SUPPLIED RECORDS.
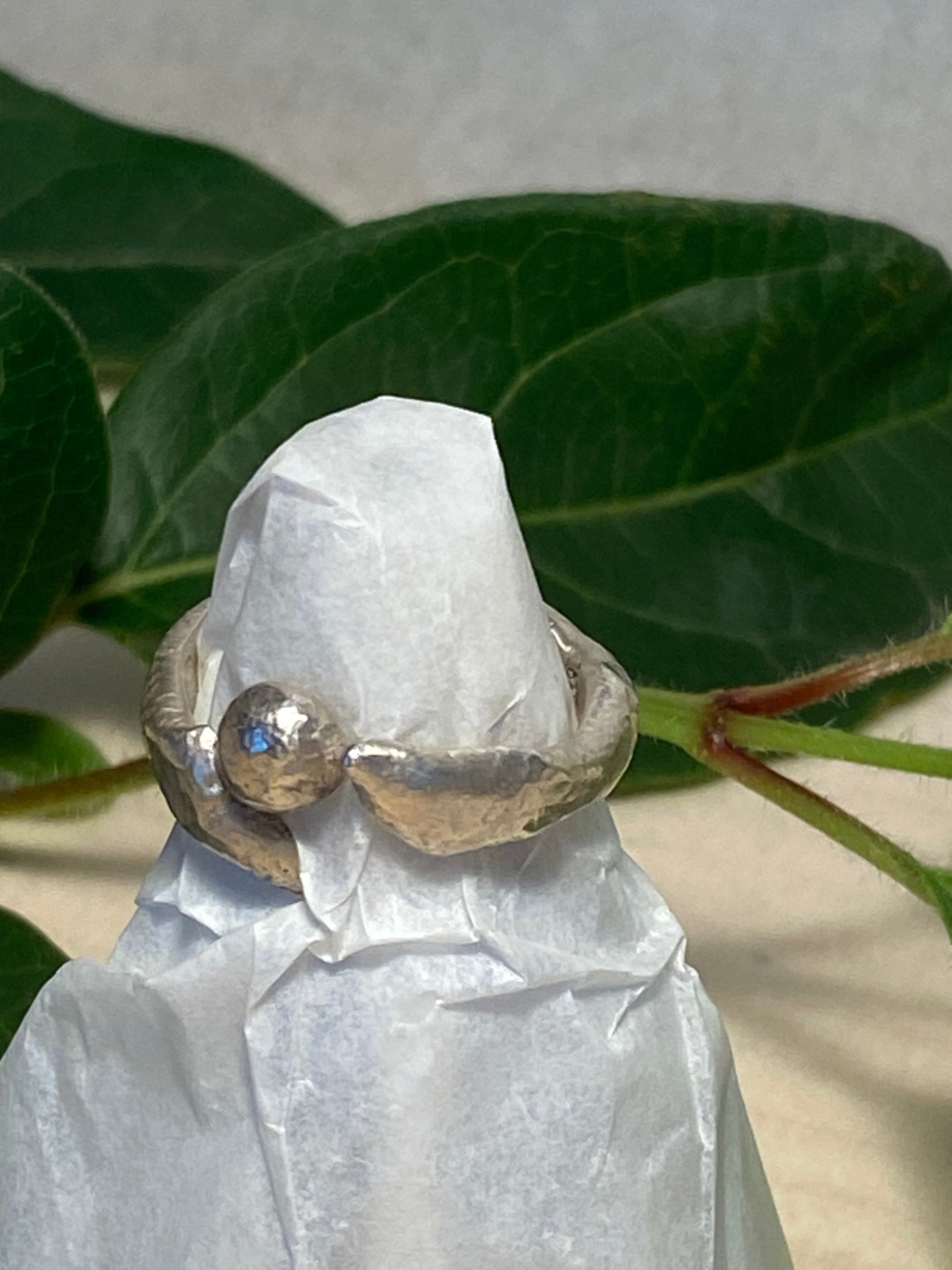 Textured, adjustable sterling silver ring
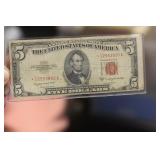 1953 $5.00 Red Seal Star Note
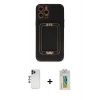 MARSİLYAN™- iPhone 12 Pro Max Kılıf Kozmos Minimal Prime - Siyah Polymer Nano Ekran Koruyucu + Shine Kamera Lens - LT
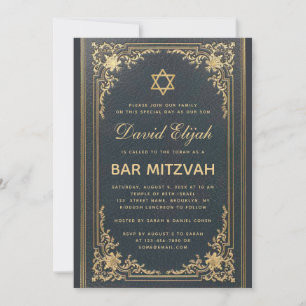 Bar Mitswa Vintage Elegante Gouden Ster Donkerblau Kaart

--

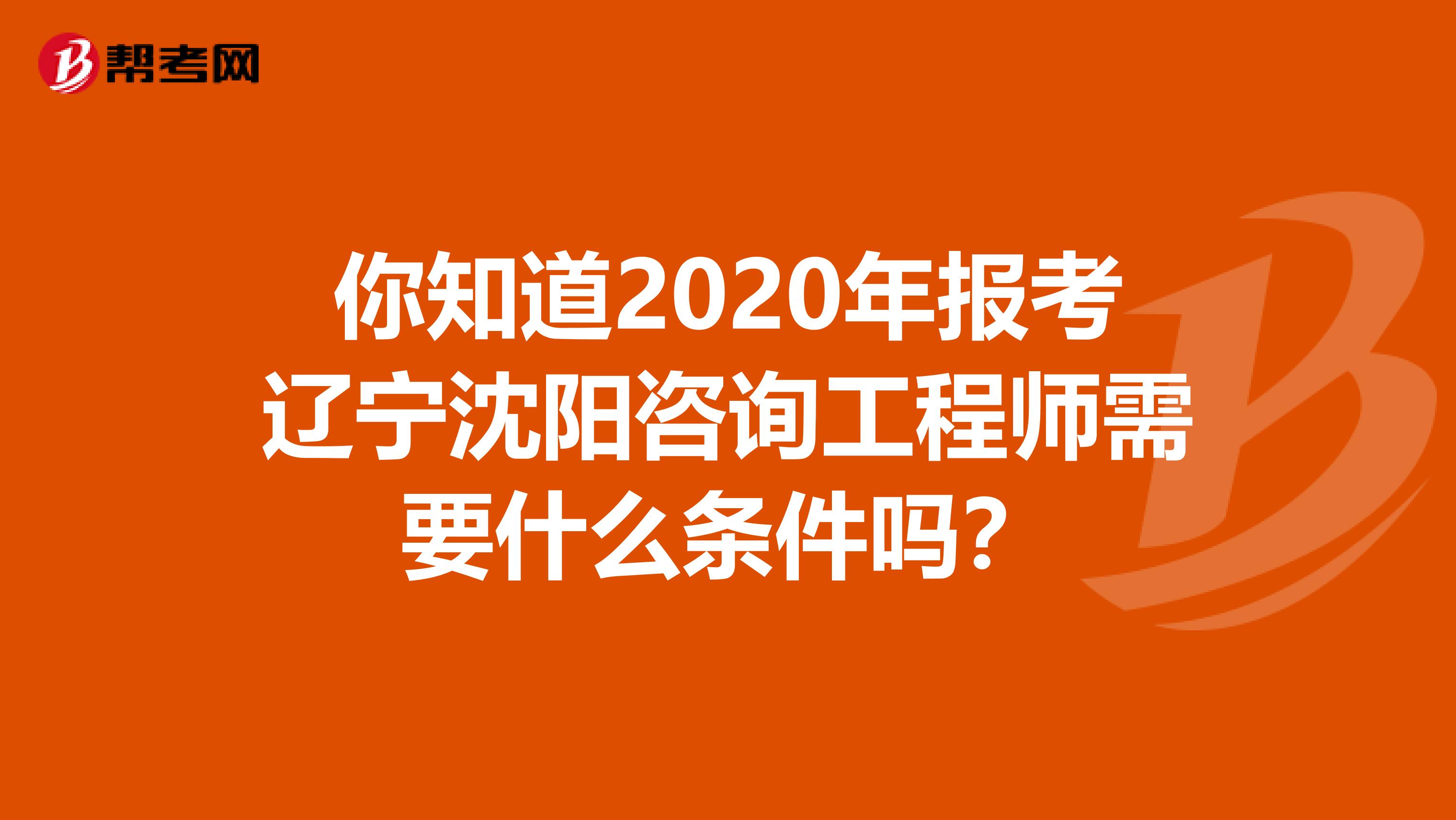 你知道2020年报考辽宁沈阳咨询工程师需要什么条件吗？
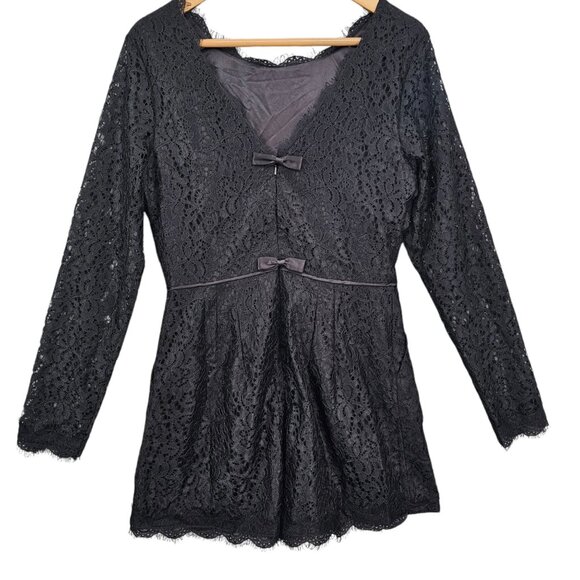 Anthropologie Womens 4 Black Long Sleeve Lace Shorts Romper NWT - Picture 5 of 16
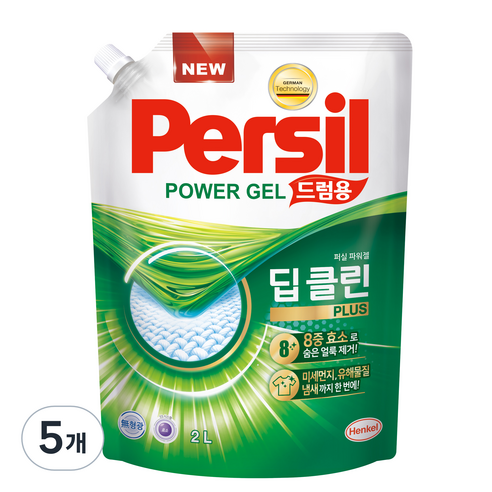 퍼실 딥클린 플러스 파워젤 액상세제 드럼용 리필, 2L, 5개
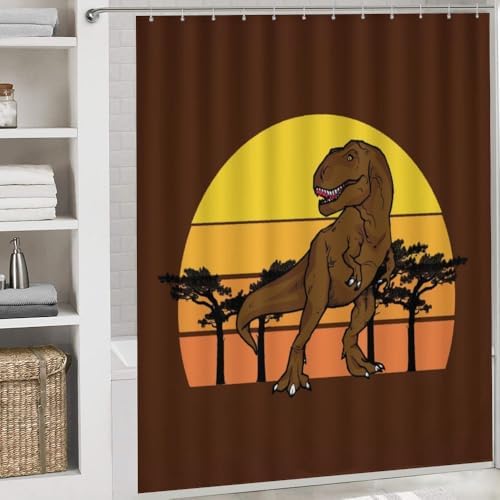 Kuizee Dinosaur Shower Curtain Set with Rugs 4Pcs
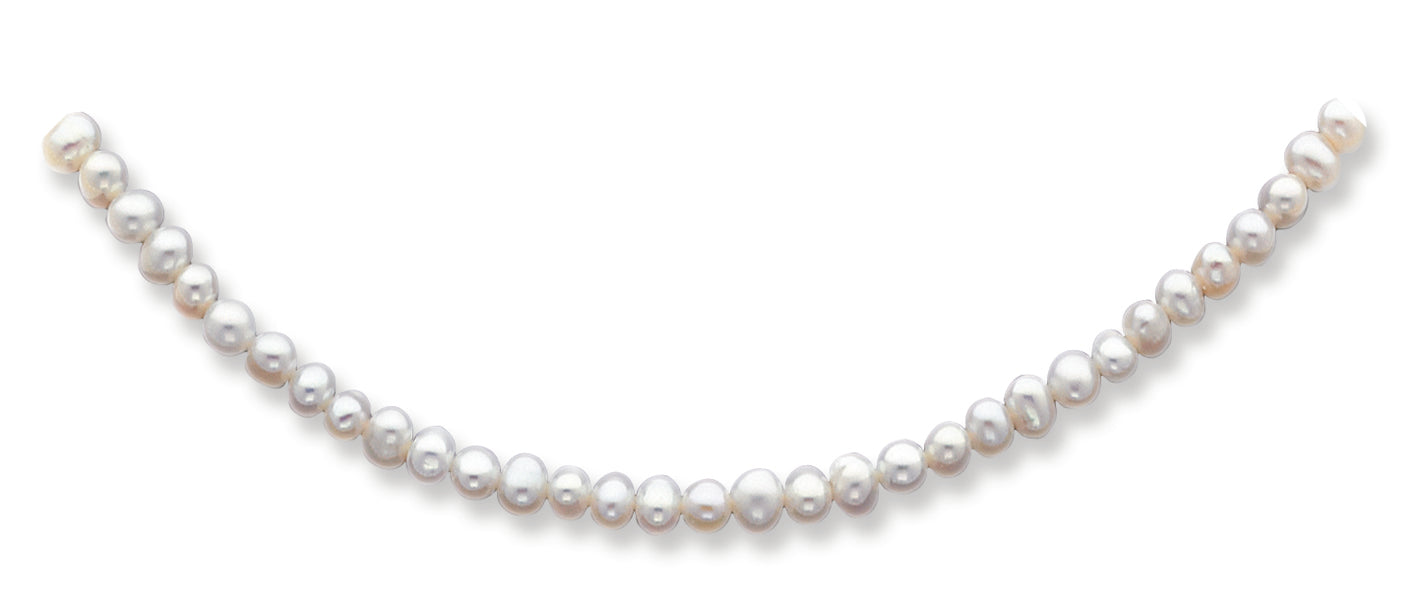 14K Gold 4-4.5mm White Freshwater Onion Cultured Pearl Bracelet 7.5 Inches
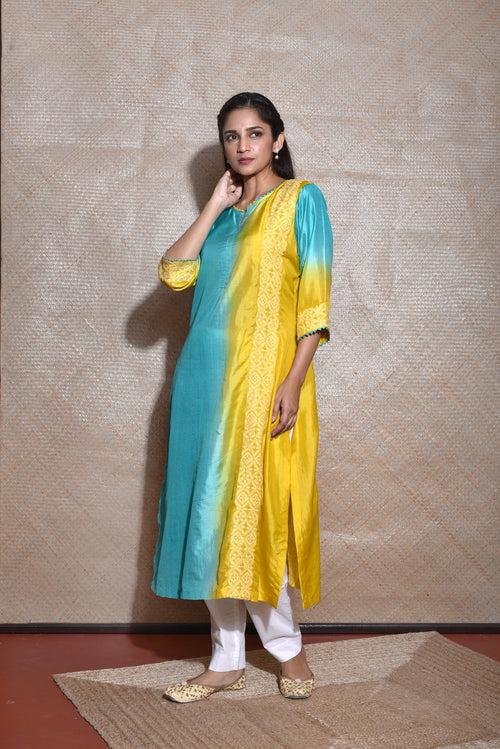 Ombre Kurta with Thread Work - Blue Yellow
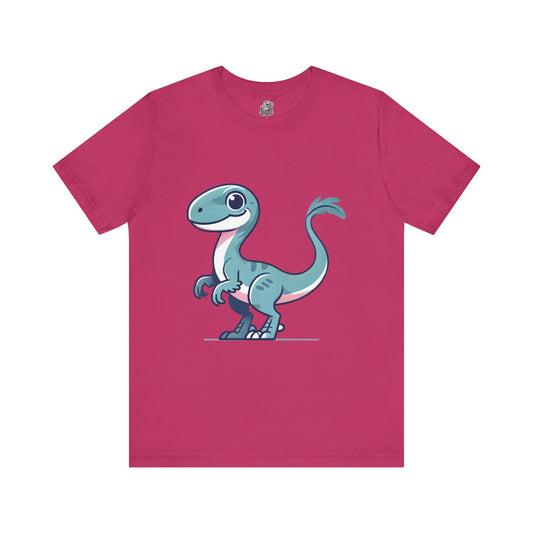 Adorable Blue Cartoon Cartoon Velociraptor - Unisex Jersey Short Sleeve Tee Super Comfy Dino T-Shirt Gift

TASK. Transcribe exactly the lines above, beginning at the one with "14K Gold 4-4.5mm" and going up to and including the one with "Adorable Blue Cartoon". Pictures do not belong in the copy.

WORKED SOLUTION.
 14K Gold 4-4.5mm White Freshwater Onion Cultured Pearl Bracelet 7.5 Inches
 Ombre Kurta with Thread Work - Blue Yellow
 Adorable Blue Cartoon Cartoon Velociraptor - Unisex Jersey Short Sleeve Tee Super Comfy Dino T-Shirt Gift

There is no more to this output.